INSTRUCTIONS FOR THE TASK. Reprint all of the data below exactly as shown and skip every image.

★ ★ ★ ★ ★

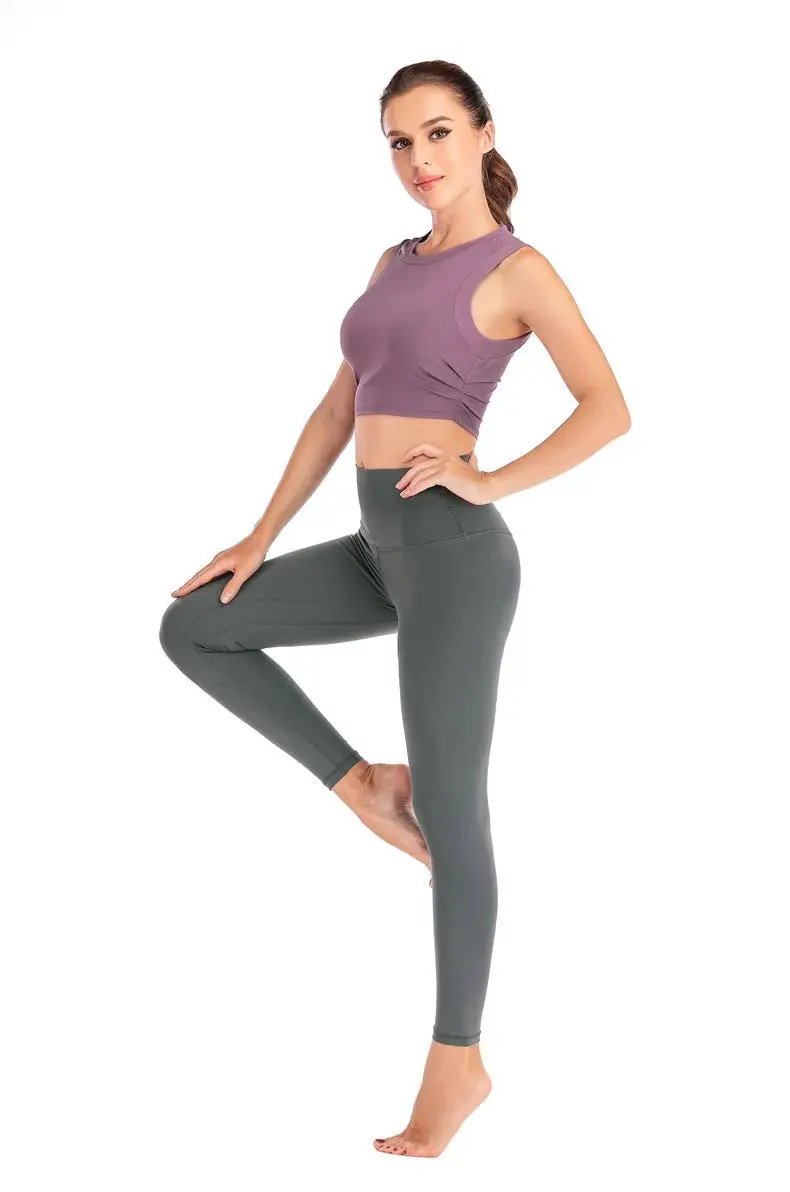 Female wearing fitness yoga vest in lotus pink, posed for sports activities.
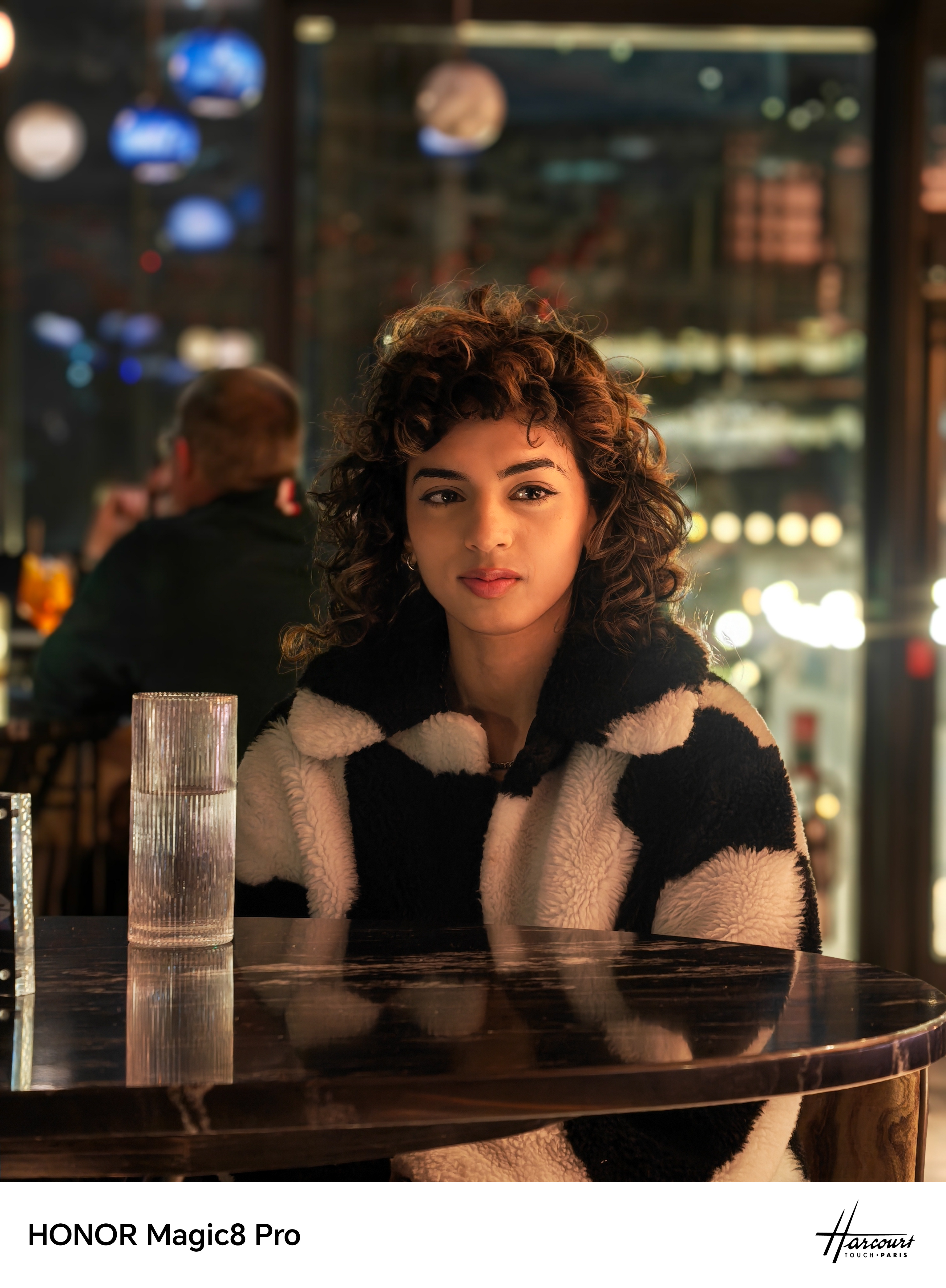 A model sitting in a bar having a drink shot on an Honor Magic 8 Pro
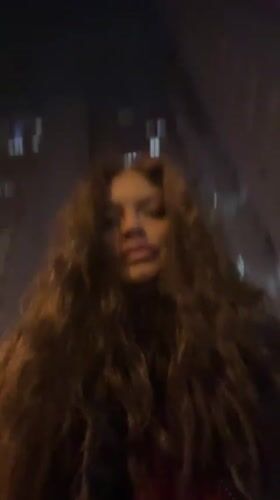 Woman photographed across Krasnogorsk locations, #BeatDrop graphics captured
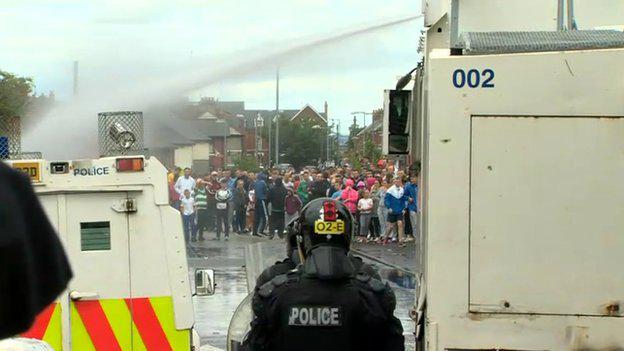 BBCNewsNI's tweet photo. VIDEO: Petrol bombs and missiles thrown at police after Belfast anti-internment parade http://t.co/bA3HMQ7uKd http://t.co/rYkG0xhHMx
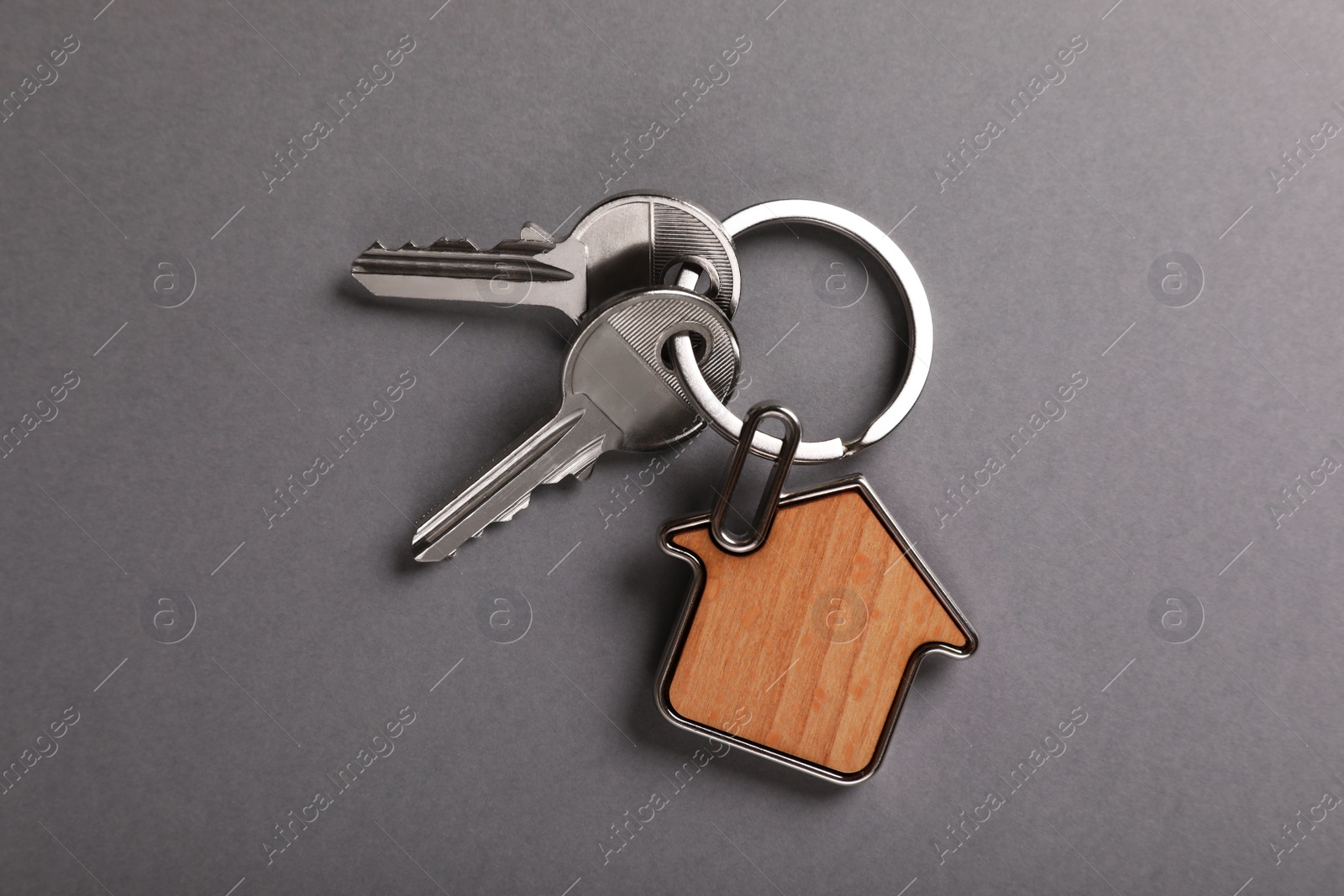 Photo of Keys with trinket in shape of house on grey background, top view. Real estate agent services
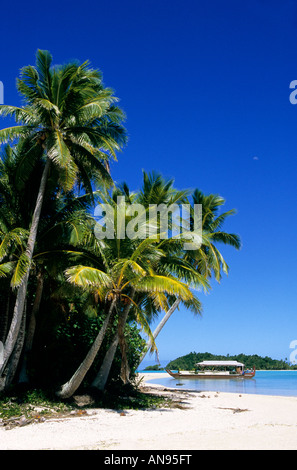 Una spiaggia da cartolina e una canoa polinesiana in remoto atollo Aitutaki Cook Islands palme spiaggia fiancheggiata. Foto Stock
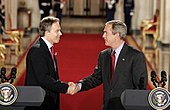 Tony Blair and George W. Bush shaking hands at a press conference.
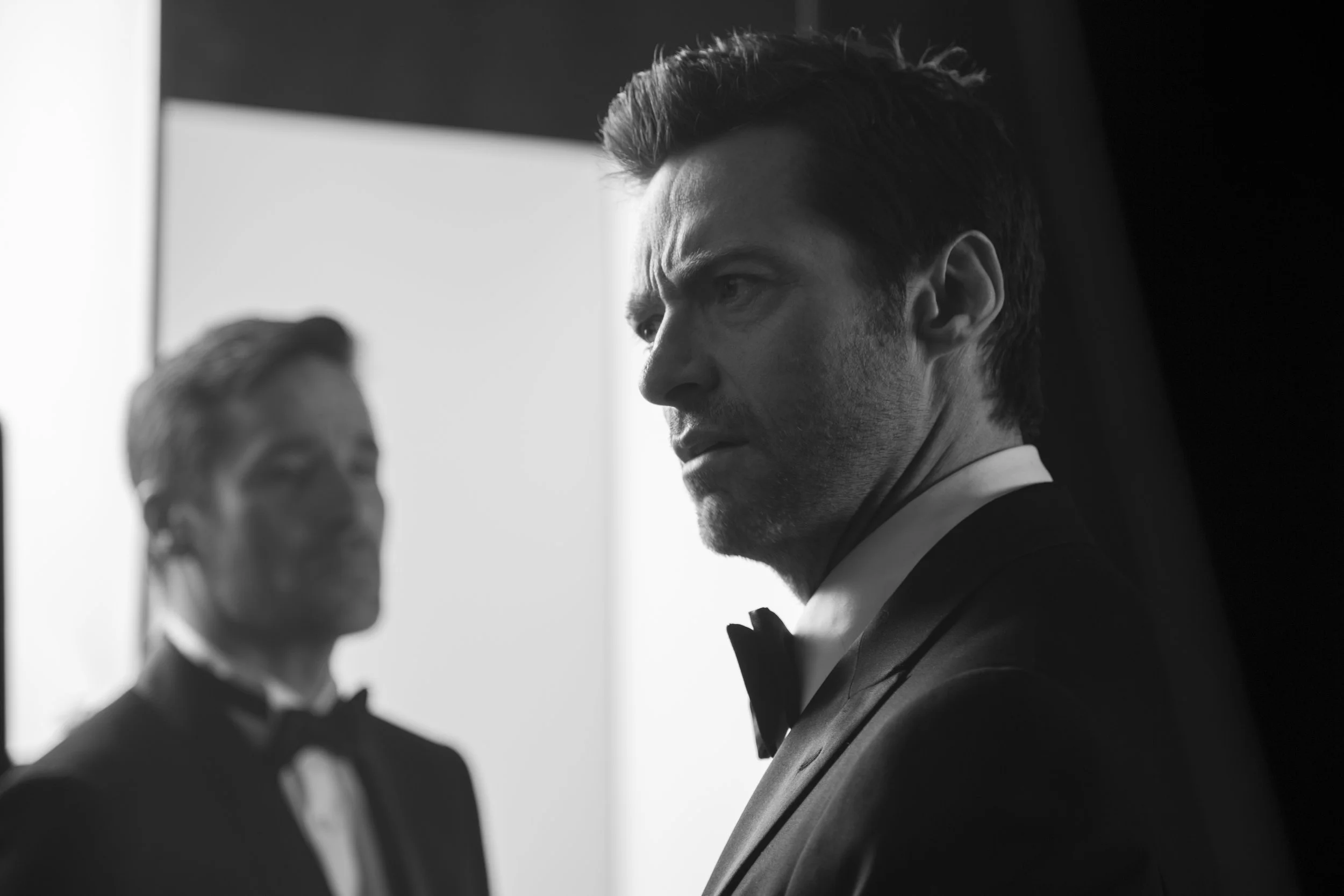 Deux hommes habillés en smoking, l'un en premier plan et l'autre flou en arrière-plan, dans une ambiance sombre, en noir et blanc.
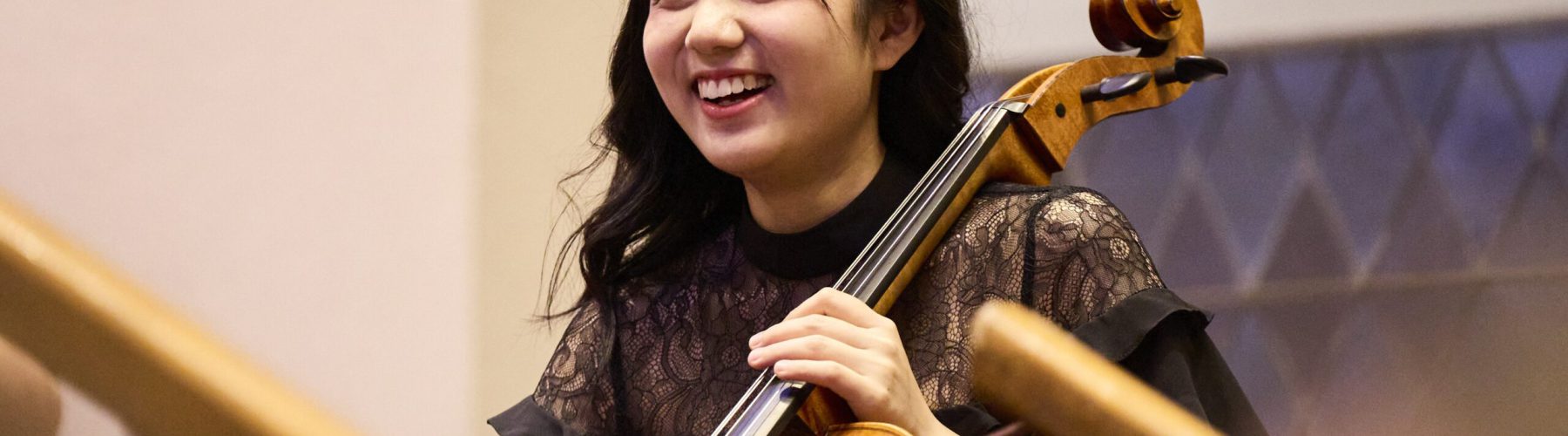 A young cellist smiles during a performance.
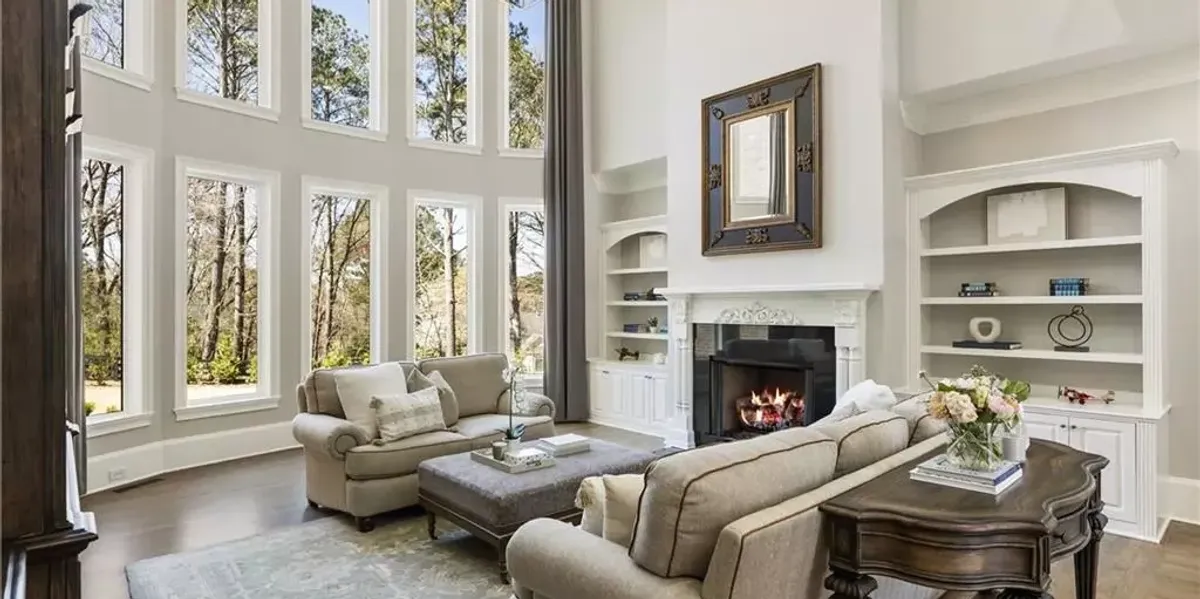 Bright living room with floor-to-ceiling tinted windows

★ ★ ★ ★ ★

EXERCISE RESULT.
 Female wearing fitness yoga vest in lotus pink, posed for sports activities.
 A model sitting in a bar having a drink shot on an Honor Magic 8 Pro
 Woman photographed across Krasnogorsk locations, #BeatDrop graphics captured
 BBCNewsNI's tweet photo. VIDEO: Petrol bombs and missiles thrown at police after Belfast anti-internment parade http://t.co/bA3HMQ7uKd http://t.co/rYkG0xhHMx
 Photo of Keys with trinket in shape of house on grey background, top view. Real estate agent services
 Una spiaggia da cartolina e una canoa polinesiana in remoto atollo Aitutaki Cook Islands palme spiaggia fiancheggiata. Foto Stock
 Tony Blair and George W. Bush shaking hands at a press conference.
 Deux hommes habillés en smoking, l'un en premier plan et l'autre flou en arrière-plan, dans une ambiance sombre, en noir et blanc.
 A young cellist smiles during a performance.
 Bright living room with floor-to-ceiling tinted windows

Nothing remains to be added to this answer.